🚀Day 4. Find median in a stream 🧠

The problem can be found at the following link: Question Link

💡 Problem Description:

Given a data stream arr[], where integers are read sequentially, determine the median of the elements encountered so far after each new integer is read.

Rules for Median Calculation:

1. If the number of elements is odd, the median is the middle element.

2. If the number of elements is even, the median is the average of the two middle elements.

🔍 Example Walkthrough:

Example 1:

Input:

arr = [5, 15, 1, 3, 2, 8]

Output:

[5.0, 10.0, 5.0, 4.0, 3.0, 4.0]

Explanation:

1. Read 5 → median = 5.0

2. Read 15 → median = (5 + 15) / 2 = 10.0

3. Read 1 → median = 5.0

4. Read 3 → median = (3 + 5) / 2 = 4.0

5. Read 2 → median = 3.0

6. Read 8 → median = (3 + 5) / 2 = 4.0

Constraints:

• $(1 \leq \text{Number of elements} \leq 10^5)$

• $(1 \leq arr[i] \leq 10^6)$

🎯 My Approach:

Min-Heap & Max-Heap

Key Idea:

• Use two heaps to maintain the lower half and upper half of elements efficiently.

• Max-Heap (Left Half) → Stores the smaller half of the elements.

• Min-Heap (Right Half) → Stores the larger half of the elements.

• The median is either:

  • The max of the left half (if odd elements)

  • The average of max(left half) and min(right half) (if even elements)

Algorithm Steps:

1. Insert each number into either max-heap or min-heap:

   • If maxHeap is empty OR num <= maxHeap.top(), push into maxHeap.

   • Else, push into minHeap.

2. Balance the heaps:

   • If maxHeap is larger than minHeap by more than 1, move top of maxHeap to minHeap.

   • If minHeap is larger, move top of minHeap to maxHeap.

3. Calculate the median:

   • If maxHeap has more elements, return maxHeap.top().

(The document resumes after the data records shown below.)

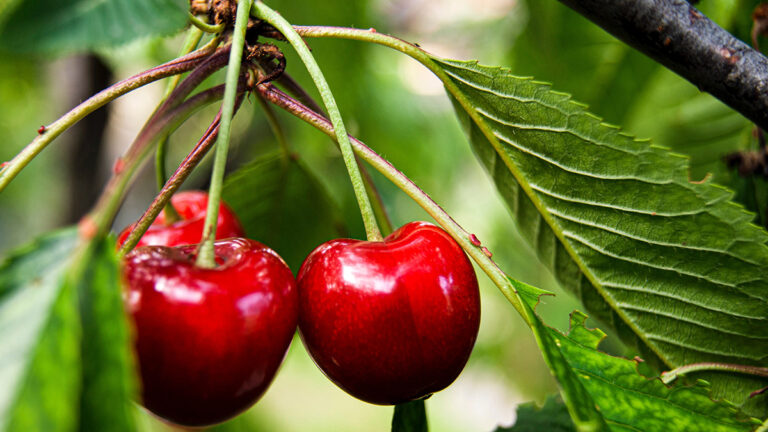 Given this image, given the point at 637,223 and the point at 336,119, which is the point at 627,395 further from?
the point at 336,119

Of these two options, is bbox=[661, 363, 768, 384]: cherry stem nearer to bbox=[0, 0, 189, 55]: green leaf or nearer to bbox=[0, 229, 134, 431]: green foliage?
bbox=[0, 229, 134, 431]: green foliage

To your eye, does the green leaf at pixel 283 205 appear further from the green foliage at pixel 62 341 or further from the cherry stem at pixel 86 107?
the green foliage at pixel 62 341

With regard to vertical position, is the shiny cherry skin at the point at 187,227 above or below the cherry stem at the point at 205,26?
below

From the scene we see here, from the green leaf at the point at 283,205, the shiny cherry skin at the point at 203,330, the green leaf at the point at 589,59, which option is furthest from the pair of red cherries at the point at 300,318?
the green leaf at the point at 589,59

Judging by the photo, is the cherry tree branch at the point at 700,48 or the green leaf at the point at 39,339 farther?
the cherry tree branch at the point at 700,48

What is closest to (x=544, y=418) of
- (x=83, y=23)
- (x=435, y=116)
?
(x=83, y=23)

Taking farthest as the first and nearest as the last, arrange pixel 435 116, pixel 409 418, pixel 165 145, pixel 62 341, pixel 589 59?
pixel 435 116 < pixel 589 59 < pixel 165 145 < pixel 409 418 < pixel 62 341

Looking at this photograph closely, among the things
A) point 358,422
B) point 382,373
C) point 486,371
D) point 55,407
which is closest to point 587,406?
point 382,373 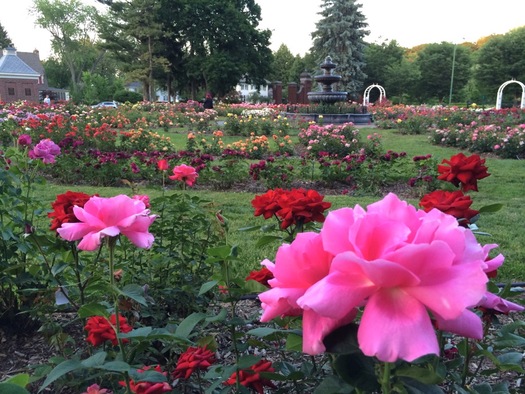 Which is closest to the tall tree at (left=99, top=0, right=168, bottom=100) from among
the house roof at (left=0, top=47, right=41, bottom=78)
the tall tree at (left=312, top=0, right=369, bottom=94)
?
the tall tree at (left=312, top=0, right=369, bottom=94)

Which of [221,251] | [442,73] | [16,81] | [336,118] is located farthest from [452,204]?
[16,81]

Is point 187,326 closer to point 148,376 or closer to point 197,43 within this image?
point 148,376

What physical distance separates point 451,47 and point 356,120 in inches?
1403

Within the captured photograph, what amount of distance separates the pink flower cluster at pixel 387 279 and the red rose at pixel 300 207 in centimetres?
71

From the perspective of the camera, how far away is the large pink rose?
0.57 meters

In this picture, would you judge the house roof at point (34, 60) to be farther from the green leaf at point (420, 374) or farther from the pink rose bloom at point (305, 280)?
the green leaf at point (420, 374)

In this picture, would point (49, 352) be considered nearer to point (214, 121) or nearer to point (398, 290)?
point (398, 290)

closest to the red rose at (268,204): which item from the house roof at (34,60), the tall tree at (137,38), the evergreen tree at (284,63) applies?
the tall tree at (137,38)

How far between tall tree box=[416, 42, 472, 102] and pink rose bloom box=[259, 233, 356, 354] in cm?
4948

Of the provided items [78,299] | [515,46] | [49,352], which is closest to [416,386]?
[78,299]

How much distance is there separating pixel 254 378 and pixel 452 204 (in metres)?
0.67

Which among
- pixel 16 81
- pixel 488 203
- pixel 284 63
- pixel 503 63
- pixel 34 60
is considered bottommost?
pixel 488 203

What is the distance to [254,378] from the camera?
48.3 inches

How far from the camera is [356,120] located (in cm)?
1831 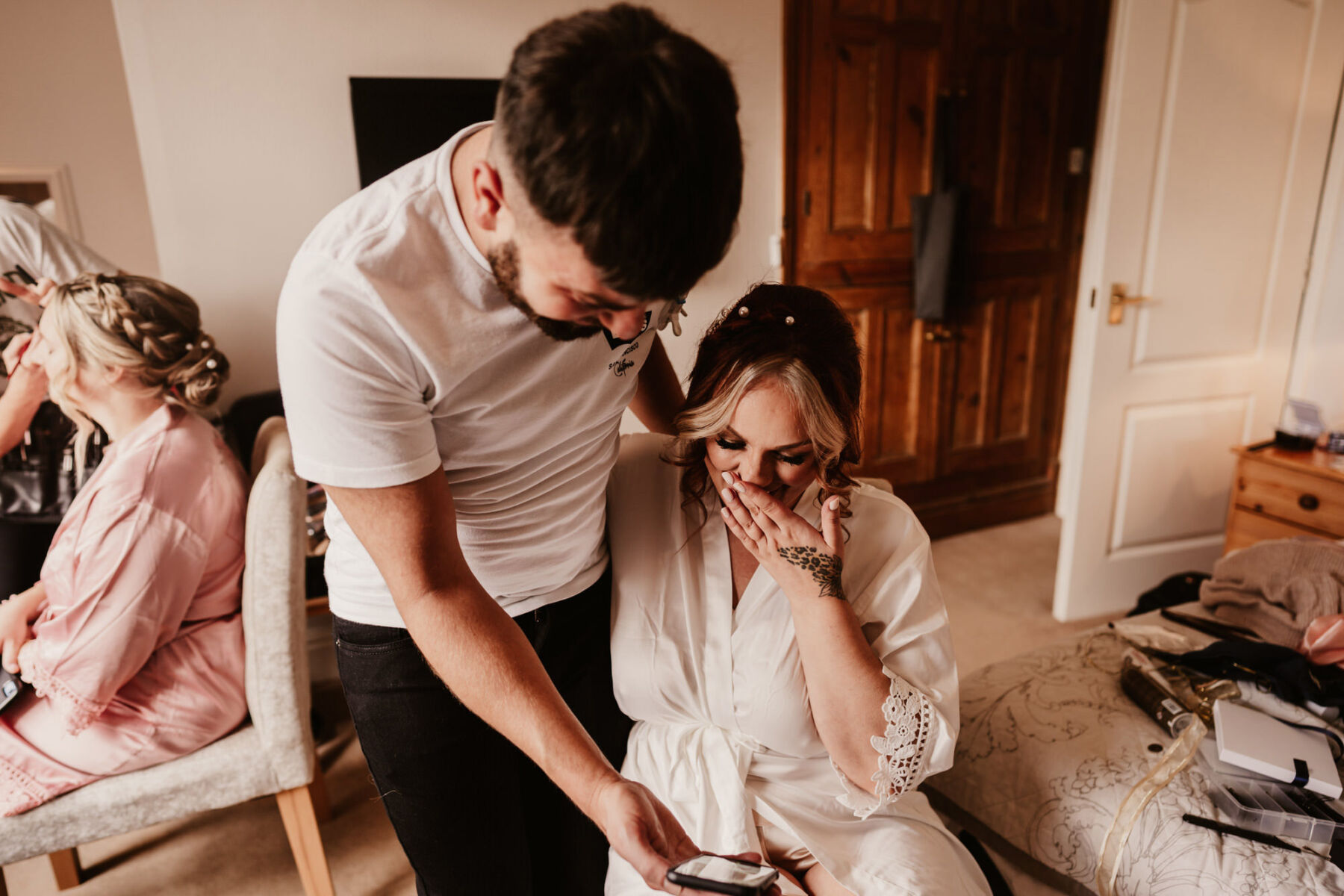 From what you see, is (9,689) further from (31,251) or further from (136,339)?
(31,251)

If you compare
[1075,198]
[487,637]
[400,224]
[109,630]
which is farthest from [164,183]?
[1075,198]

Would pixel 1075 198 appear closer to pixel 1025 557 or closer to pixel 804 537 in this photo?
pixel 1025 557

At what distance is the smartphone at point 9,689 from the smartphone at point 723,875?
1337 millimetres

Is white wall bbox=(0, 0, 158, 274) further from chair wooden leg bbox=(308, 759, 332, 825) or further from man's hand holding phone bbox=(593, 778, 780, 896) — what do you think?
man's hand holding phone bbox=(593, 778, 780, 896)

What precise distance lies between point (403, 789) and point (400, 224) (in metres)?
0.74

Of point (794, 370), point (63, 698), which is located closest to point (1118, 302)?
point (794, 370)

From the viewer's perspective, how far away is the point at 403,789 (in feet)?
3.43

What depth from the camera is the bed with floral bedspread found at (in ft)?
3.63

   • Else, return (maxHeap.top() + minHeap.top()) / 2.0.

🕒 Time and Auxiliary Space Complexity

• Time Complexity: (O(N \log N)) (heap insertions & balancing)

• Auxiliary Space Complexity: (O(N)) (for storing elements in heaps)

📝 Solution Code

Code (C++)

class Solution {
public:
    vector<double> getMedian(vector<int>& arr) {
        priority_queue<int> maxHeap;
        priority_queue<int, vector<int>, greater<int>> minHeap;
        vector<double> res;

        for (int num : arr) {
            if (maxHeap.empty() || num <= maxHeap.top()) maxHeap.push(num);
            else minHeap.push(num);

            if (maxHeap.size() > minHeap.size() + 1) minHeap.push(maxHeap.top()), maxHeap.pop();
            else if (minHeap.size() > maxHeap.size()) maxHeap.push(minHeap.top()), minHeap.pop();

            res.push_back(maxHeap.size() > minHeap.size() ? maxHeap.top() : (maxHeap.top() + minHeap.top()) / 2.0);
        }
        return res;
    }
};

⚡ Alternative Approaches

2️⃣ Balanced BST (O(N log N) Time, O(N) Space)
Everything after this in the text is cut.